Britt performed even better in 2018, winning 63 percent of the vote. He did so even though Republicans make up just 11 percent of registered voters in the district.

Britt won in part by winning over a strong majority of voters from the Lumbee Tribe of North Carolina, a state-recognized Native American tribe with 60,000 members.

Like Scott, Britt is a conservative Republican who attracted the support of minority voters by delivering for them in their time of need. When hurricanes devastated southeast North Carolina in the weeks leading up to the 2016 and 2018 elections, Britt was the most visible local leader in Robeson County, organizing relief efforts, donating food, securing funding for the hardest-hit areas, and even roaming flooded areas in his duck-hunting boat to rescue stranded residents.

In November I asked Britt how he, a conservative Republican and self-described “good ol’ boy,” was able to win nearly two-thirds of the vote in such a racially diverse district. “I think when you have a candidate that is seen and is seen working, then a lot of these folks that may have traditionally been neglected, they’re going to come out and support the candidate despite the party that they’re from,” he replied.

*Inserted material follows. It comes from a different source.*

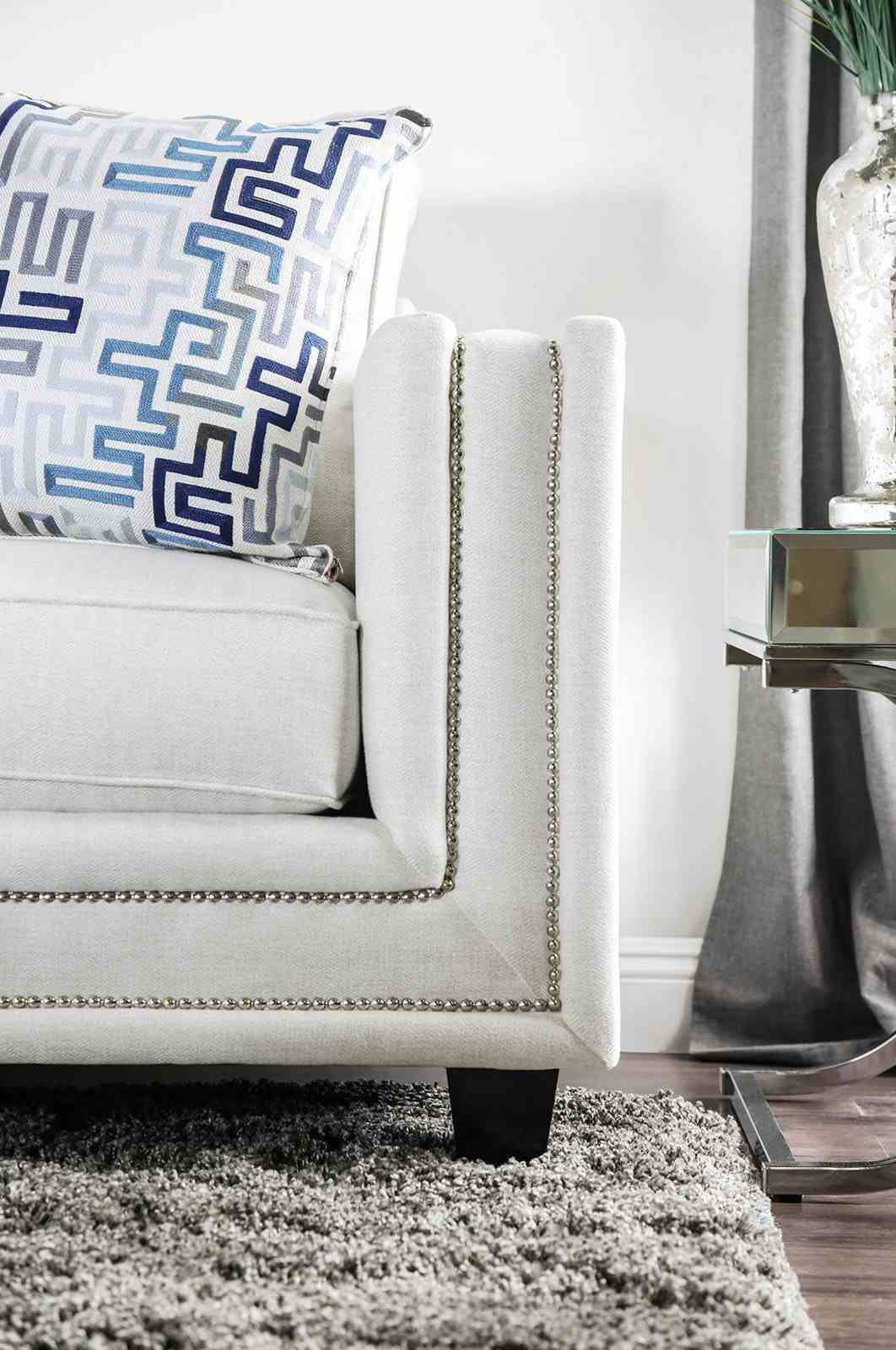 Ilse Contemporary Living Room Set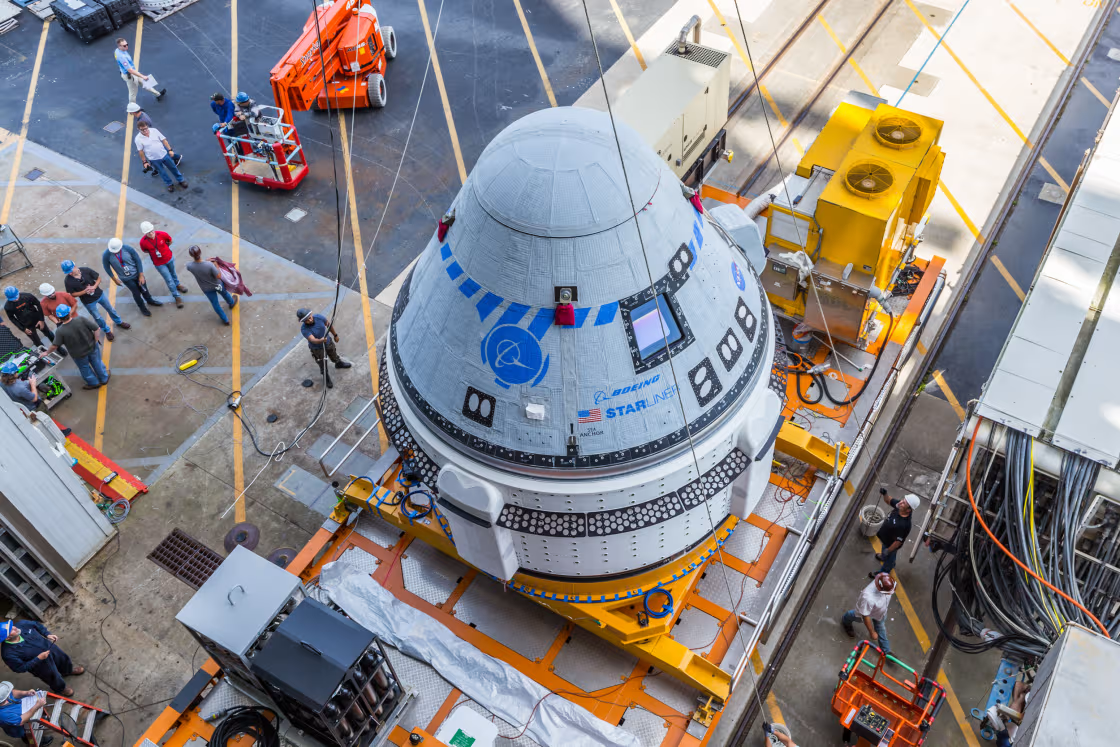 Tàu vũ trụ Boeing Starliner trở về trái đất mà không có người- Ảnh 1.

In an ad featuring residents talking about Britt, an elderly woman says, “Danny, he treats everyone the same. He could have just stayed at home, but instead he got in his truck, he grabbed a boat, and he went and helped whoever he could find.”

Britt took the same approach after Hurricane Matthew in 2016, when he used the skills he’d acquired in the National Guard to rescue people from the ensuing flood. “A lot of folks just really like the idea of somebody that gets out and does rather than says,” he told me.

In 2018, Britt won 8,000 more votes in Robeson County than the Republican directly above him on the ballot, congressional candidate Mark Harris. Those votes may end up making the difference in Harris’s congressional contest, which now seems headed for a do-over in light of a very narrow result and allegations of ballot fraud. Lumbee leaders with whom I spoke suggested that Democrat Dan McCready outperformed Harris among the tribe’s voters because he showed up in their communities more often than Harris.

“I think there are just certain voters who are not going to be taken for granted,” Britt says. They want to know that their candidate is “working” and they want to know that “they’re working for them.”

Neither Scott nor Britt won by altering their core conservative messages. They didn’t have to. The Republican party’s pro-business, socially conservative message appeals to many Hispanic and Native American voters.

But ideology matters less to voters than political professionals often suppose. That’s especially true for new and historically marginalized voters and those enduring personal hardship. While other candidates focused solely on policy and politics, Scott and Britt focused on lending a hand. As Britt told a reporter when Hurricane Florence struck last fall, “In my community right now, taxes and those issues are not as important as hurricane recovery.”

Republicans don’t need to wait for calamity to strike to let minority voters know that they care, nor should they. All they need to do is be present in and responsive to the communities they hope to serve.